Syria is known to produce four types of chemical agents:
Sarin Nerve Agent Lethal Agent Persistent or non-persistent
Tabun or GA Nerve Agent Lethal Agent Persistent or non-persistent
VX or IUPAC Nerve Agent Lethal Agent Persistent or non-persistent
Mustard Gas Classified as non-lethal, Persistent or non-persistent
A chemical agent in a persistent form is a sticky liquid that remains attached to exposed skin or a surface. If it touches exposed areas of skin, is breathed in, or enters through the eyes, it will kill the victim within minutes unless the person wears a protective suit, gloves, boots and a respirator with the correct type of filter. This type of agent is used mostly to deny areas to an enemy until a decontamination team arrives to cleanse the area, allowing troops to move into the area.
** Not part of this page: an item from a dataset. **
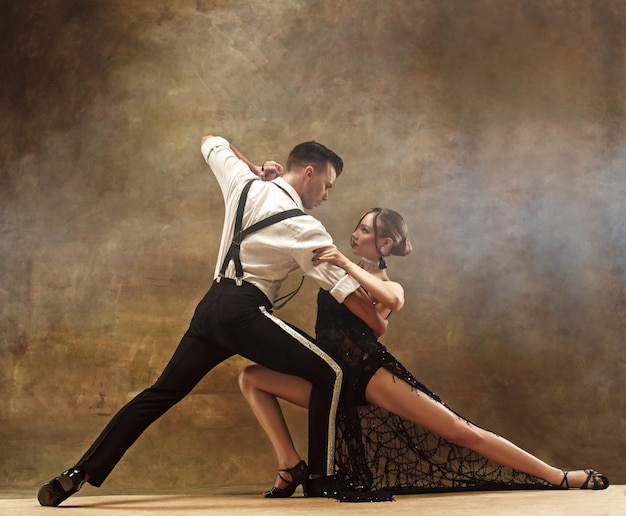 Casal jovem e moderno flexível dançando tango no estúdio. Retrato da moda de atraente casal dançando. Homem e mulher. Paixão. Ame. pele perfeita facial e maquiagem. Emoções humanas - amor e paixão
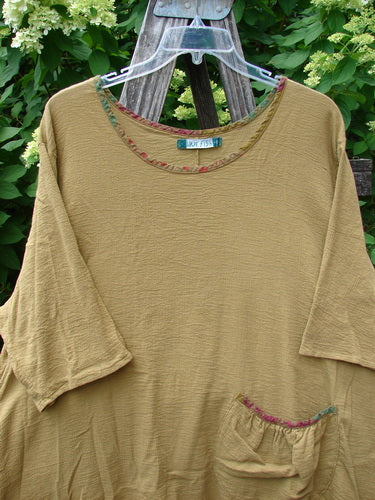 Barclay Gauze Round Bottom Tie Back Pocket Top Ditsy Daisy Golden Size 2, featuring elbow-length sleeves, scoop neckline, and a small gathered front pocket, displayed on a hanger against a rustic backdrop.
The duration time and the persistence of the agent depends on its concentration and the local weather conditions of the area in which it is used. There will also be a “down-wind hazard” to any chemical agent used; anyone who is not wearing a special respirator would breathe in the agent and could die quickly. A non-persistent agent’s possible use is as a precursor to an attack, where the agent would dissipate quickly, allowing follow-up troops to advance quickly.
Mustard gas is classified as a non-lethal agent, but is in fact a lethal agent. If skin or an airway into the body is not protected, the agent causes large blisters on an affected area, which if scratched, spreads the infection. If an airway is not protected, then the agent enters the airway and causes large blisters, which can close the airway and suffocate the victim.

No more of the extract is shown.